YOUR ASSIGNMENT: Below are the entries; give again exactly the lines from the one mentioning "513121 Front Wheel" through the one mentioning "Food close-up in The Ambassador Townhouse", inclusive.

Start of DATA FOR THE TASK

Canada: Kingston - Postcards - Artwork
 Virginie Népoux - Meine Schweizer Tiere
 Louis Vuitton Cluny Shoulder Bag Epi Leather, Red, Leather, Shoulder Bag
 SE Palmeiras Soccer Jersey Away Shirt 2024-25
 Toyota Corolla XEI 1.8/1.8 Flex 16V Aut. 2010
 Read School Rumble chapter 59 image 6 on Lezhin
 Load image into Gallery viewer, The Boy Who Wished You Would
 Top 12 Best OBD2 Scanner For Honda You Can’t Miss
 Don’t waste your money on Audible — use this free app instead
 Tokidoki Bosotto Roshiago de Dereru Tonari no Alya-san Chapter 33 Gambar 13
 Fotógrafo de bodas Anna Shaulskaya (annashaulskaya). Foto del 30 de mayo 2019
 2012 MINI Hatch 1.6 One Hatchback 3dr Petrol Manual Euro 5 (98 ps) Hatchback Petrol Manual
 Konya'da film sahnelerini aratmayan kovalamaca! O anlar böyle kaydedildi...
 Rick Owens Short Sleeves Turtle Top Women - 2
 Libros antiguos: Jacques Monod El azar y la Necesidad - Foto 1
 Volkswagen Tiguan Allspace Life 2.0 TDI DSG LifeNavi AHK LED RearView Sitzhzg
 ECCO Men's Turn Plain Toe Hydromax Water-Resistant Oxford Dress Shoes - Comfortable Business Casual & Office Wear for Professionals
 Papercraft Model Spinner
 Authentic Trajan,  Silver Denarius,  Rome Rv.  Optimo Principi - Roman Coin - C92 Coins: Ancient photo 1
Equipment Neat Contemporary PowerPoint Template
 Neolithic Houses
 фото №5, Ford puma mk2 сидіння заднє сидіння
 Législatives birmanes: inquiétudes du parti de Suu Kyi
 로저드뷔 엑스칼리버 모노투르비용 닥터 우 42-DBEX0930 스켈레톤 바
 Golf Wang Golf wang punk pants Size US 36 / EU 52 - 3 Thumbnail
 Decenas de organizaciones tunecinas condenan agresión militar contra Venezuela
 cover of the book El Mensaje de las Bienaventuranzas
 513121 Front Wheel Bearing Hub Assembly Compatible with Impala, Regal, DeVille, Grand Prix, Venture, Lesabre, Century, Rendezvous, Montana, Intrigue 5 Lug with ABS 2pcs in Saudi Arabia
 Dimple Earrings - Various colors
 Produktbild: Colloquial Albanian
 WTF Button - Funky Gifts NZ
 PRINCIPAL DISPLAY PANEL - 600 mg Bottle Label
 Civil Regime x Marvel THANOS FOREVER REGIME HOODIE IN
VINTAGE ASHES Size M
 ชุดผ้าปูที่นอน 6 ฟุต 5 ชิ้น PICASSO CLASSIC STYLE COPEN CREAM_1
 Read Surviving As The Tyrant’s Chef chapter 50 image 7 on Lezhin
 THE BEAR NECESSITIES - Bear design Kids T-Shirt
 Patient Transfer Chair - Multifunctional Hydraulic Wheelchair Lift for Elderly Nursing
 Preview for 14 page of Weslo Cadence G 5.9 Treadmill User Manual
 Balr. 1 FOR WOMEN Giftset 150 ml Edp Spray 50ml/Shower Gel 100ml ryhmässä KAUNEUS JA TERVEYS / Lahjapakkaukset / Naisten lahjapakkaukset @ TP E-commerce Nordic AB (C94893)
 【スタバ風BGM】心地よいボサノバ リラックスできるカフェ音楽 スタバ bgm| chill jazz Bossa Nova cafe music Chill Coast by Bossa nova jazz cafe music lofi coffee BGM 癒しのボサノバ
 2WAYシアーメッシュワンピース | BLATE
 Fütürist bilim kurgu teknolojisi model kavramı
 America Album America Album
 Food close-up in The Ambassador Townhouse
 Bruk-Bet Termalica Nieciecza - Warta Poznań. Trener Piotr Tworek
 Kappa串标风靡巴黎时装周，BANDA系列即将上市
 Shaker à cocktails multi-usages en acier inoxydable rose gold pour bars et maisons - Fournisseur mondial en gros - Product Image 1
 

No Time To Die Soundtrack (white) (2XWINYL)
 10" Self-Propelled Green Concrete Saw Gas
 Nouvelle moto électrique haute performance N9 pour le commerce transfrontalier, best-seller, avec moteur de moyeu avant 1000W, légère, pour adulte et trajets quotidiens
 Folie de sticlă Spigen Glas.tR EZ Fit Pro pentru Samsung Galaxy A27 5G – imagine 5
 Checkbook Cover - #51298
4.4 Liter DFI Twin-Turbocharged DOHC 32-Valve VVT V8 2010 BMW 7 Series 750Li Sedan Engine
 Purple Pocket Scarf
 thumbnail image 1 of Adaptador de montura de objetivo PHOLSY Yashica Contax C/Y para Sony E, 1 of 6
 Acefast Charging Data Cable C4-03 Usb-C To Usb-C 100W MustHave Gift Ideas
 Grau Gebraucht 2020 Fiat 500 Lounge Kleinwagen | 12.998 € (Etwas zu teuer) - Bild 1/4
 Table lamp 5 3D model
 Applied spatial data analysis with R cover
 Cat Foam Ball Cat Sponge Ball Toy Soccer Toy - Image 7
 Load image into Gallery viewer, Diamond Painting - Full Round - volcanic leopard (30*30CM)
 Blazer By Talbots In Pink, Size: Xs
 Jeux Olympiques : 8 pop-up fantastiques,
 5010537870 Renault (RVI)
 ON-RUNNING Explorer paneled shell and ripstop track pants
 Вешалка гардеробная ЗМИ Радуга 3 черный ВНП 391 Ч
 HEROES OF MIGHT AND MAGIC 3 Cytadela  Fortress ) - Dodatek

End of DATA FOR THE TASK

OUTPUT OF THE TASK:
 513121 Front Wheel Bearing Hub Assembly Compatible with Impala, Regal, DeVille, Grand Prix, Venture, Lesabre, Century, Rendezvous, Montana, Intrigue 5 Lug with ABS 2pcs in Saudi Arabia
 Dimple Earrings - Various colors
 Produktbild: Colloquial Albanian
 WTF Button - Funky Gifts NZ
 PRINCIPAL DISPLAY PANEL - 600 mg Bottle Label
 Civil Regime x Marvel THANOS FOREVER REGIME HOODIE IN
VINTAGE ASHES Size M
 ชุดผ้าปูที่นอน 6 ฟุต 5 ชิ้น PICASSO CLASSIC STYLE COPEN CREAM_1
 Read Surviving As The Tyrant’s Chef chapter 50 image 7 on Lezhin
 THE BEAR NECESSITIES - Bear design Kids T-Shirt
 Patient Transfer Chair - Multifunctional Hydraulic Wheelchair Lift for Elderly Nursing
 Preview for 14 page of Weslo Cadence G 5.9 Treadmill User Manual
 Balr. 1 FOR WOMEN Giftset 150 ml Edp Spray 50ml/Shower Gel 100ml ryhmässä KAUNEUS JA TERVEYS / Lahjapakkaukset / Naisten lahjapakkaukset @ TP E-commerce Nordic AB (C94893)
 【スタバ風BGM】心地よいボサノバ リラックスできるカフェ音楽 スタバ bgm| chill jazz Bossa Nova cafe music Chill Coast by Bossa nova jazz cafe music lofi coffee BGM 癒しのボサノバ
 2WAYシアーメッシュワンピース | BLATE
 Fütürist bilim kurgu teknolojisi model kavramı
 America Album America Album
 Food close-up in The Ambassador Townhouse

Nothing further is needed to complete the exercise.